Why Experts Say The Real Estate Market May Be Cooling Off

The housing market has been red hot. All across the nation, it's been a seller's market for years, as people took advantage of extra time during the COVID-19 pandemic to update — and sell — their homes. Markets that are always high and competitive like California continued to be so, while other states saw an influx of new residents — including an unprecedented amount of aforementioned Californians. All of these factors created a bustling housing market that's been a mad dash for buyers, and not affordable for anyone. 

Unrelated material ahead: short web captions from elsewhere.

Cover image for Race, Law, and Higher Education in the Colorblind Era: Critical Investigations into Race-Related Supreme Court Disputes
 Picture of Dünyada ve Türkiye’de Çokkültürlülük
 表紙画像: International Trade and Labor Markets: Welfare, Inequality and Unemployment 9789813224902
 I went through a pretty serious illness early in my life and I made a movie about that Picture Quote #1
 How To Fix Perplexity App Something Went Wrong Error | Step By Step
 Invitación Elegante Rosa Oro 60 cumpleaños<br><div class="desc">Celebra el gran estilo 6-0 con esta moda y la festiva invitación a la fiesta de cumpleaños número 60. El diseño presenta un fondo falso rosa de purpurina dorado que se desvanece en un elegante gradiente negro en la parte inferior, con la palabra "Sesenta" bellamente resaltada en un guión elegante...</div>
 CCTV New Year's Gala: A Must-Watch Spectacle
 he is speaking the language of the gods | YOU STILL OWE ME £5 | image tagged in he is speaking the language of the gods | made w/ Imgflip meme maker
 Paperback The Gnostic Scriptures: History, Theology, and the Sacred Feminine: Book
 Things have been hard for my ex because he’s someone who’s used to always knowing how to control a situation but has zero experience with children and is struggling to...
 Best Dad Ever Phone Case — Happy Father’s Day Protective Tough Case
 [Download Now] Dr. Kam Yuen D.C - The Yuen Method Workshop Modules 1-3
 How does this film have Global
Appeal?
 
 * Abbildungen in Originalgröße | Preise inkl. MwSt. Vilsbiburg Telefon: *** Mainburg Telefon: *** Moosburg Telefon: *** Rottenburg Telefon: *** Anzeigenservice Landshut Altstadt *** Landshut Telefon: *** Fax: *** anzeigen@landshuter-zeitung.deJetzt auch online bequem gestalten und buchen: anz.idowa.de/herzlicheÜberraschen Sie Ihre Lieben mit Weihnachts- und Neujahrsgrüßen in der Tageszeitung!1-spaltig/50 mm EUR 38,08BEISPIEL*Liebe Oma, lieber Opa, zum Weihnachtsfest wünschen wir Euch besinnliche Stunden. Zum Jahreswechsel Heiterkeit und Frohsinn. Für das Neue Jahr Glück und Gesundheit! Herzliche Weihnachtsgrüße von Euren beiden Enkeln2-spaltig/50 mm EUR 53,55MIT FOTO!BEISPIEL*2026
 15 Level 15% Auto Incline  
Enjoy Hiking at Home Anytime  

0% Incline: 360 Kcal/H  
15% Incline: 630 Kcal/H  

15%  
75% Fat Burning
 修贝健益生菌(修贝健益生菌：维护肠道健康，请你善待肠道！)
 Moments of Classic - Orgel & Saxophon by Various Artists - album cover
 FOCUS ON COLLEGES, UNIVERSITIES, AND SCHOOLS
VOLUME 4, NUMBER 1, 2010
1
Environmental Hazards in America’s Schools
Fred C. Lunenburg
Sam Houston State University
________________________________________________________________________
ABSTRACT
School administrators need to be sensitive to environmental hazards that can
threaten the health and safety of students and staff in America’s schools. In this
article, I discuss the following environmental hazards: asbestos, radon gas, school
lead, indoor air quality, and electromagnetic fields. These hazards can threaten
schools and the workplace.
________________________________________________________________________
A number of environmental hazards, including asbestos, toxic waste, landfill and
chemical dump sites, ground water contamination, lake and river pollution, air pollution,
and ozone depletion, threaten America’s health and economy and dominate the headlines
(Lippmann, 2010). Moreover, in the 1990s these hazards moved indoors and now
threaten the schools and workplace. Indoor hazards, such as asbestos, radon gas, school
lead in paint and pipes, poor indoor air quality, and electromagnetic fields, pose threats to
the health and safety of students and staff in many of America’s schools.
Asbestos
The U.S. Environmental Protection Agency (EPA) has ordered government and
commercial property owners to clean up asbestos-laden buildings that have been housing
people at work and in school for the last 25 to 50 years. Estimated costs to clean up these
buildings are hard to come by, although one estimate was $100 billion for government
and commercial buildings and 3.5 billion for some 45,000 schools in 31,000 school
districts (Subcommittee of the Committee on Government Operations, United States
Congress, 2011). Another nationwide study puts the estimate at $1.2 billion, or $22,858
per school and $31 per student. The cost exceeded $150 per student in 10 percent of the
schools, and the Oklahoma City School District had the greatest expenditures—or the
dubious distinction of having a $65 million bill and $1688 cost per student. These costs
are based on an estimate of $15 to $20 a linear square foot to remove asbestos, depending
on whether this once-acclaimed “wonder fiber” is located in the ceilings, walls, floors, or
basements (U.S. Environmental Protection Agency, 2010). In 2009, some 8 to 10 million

But now, experts are saying that the housing market is showing signs of a slow down. According to Fortune, data from April and May shows that the pandemic housing boom is transitioning into a new phase they are calling the Great Deceleration. In some instances, buyers have stopped searching for a home altogether, while sellers in some regions have started to panic that they missed the best window of time. 

The factors slowing things down

According to Mark Zandi, a chief economist who recently spoke to Realtor, the housing correction has begun. He says, "There are a growing number of cracks in the housing market, and they're going to turn into fissures and fault lines in the coming months." 

Median home listings in American were up 14% in April, with mortgage interest rates climbing 5.25%. The result of that is new homebuyers will be paying approximately 50% more for the same home compared with a year ago. This is starting to really deter buyers, especially since other things like gas and food prices have inflated higher than they have in decades (via The Guardian). 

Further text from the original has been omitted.